Your goal - All entries are to be transcribed verbatim, but images are not carried over.

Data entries
+ + + +
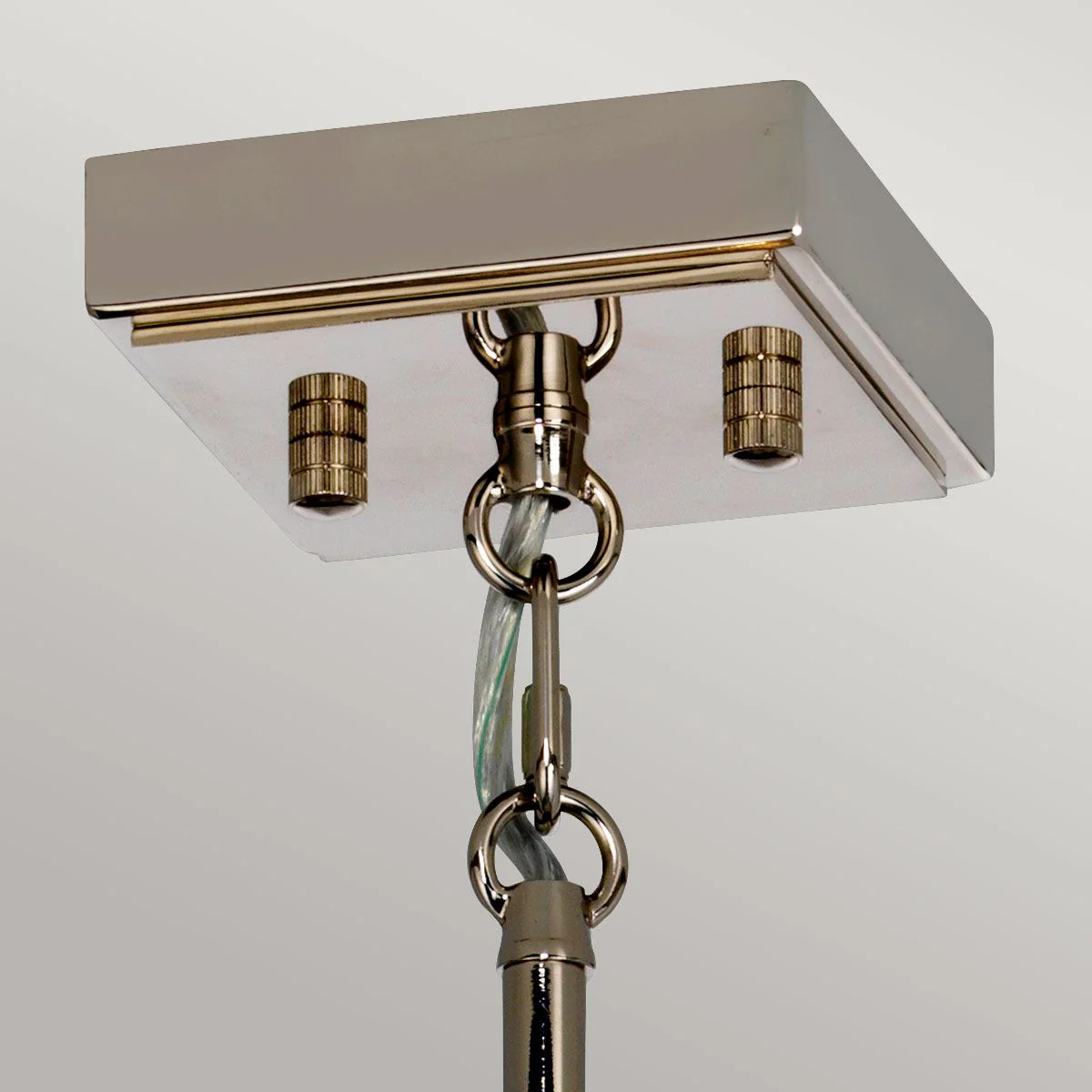 Großer Kronleuchter Aries mit 4 Lichtern, poliertes Nickel - Image 3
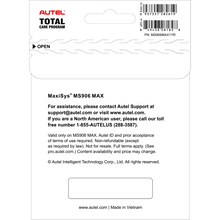 Autel MS906MAX1YR Total Care Program (TCP) 1-Year Warranty & Software Updte Extension for MS906MAX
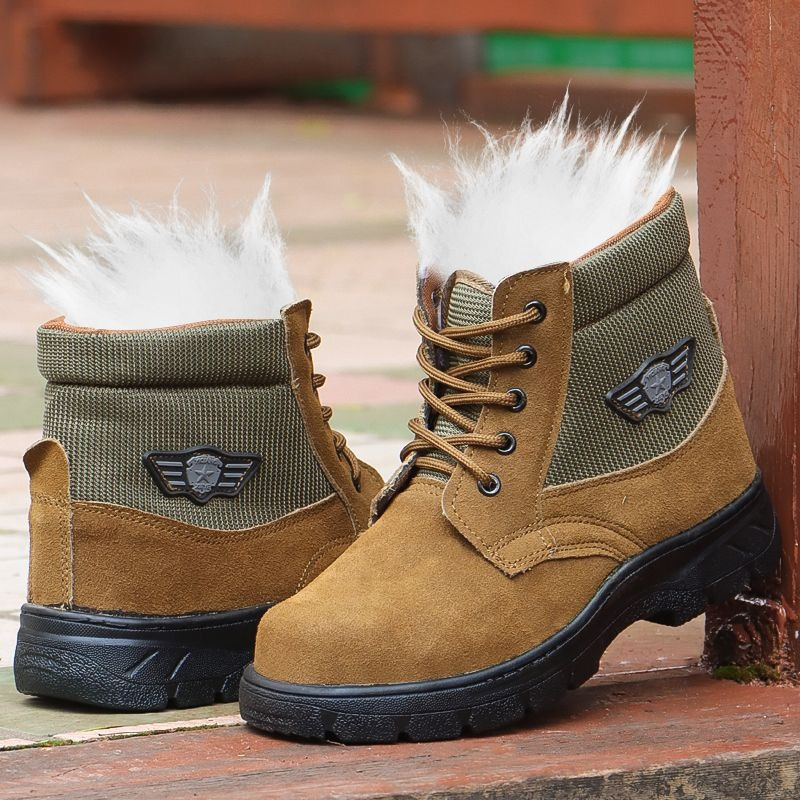 Winter Men Snow Boots Genuine  - Leatherwork Boots recension och pris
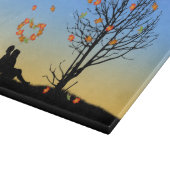 Herzförmige Herbstleaven Schneidebrett (Ecke)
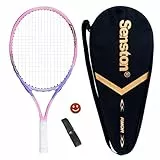 Senston Tennisschläger 23 One-Piece-Design Tennis Schläger Set mit Tennistasche,Overgrip,Vibrationsdämpfer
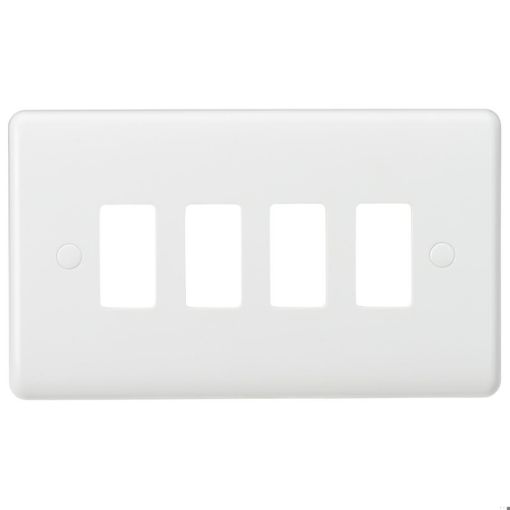 Picture of Knightsbridge Curved Edge 4G Grid Faceplate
+ + + +
Solution to this problem -
 Großer Kronleuchter Aries mit 4 Lichtern, poliertes Nickel - Image 3
 Autel MS906MAX1YR Total Care Program (TCP) 1-Year Warranty & Software Updte Extension for MS906MAX
 Winter Men Snow Boots Genuine  - Leatherwork Boots recension och pris
 Herzförmige Herbstleaven Schneidebrett (Ecke)
 Senston Tennisschläger 23 One-Piece-Design Tennis Schläger Set mit Tennistasche,Overgrip,Vibrationsdämpfer
 Picture of Knightsbridge Curved Edge 4G Grid Faceplate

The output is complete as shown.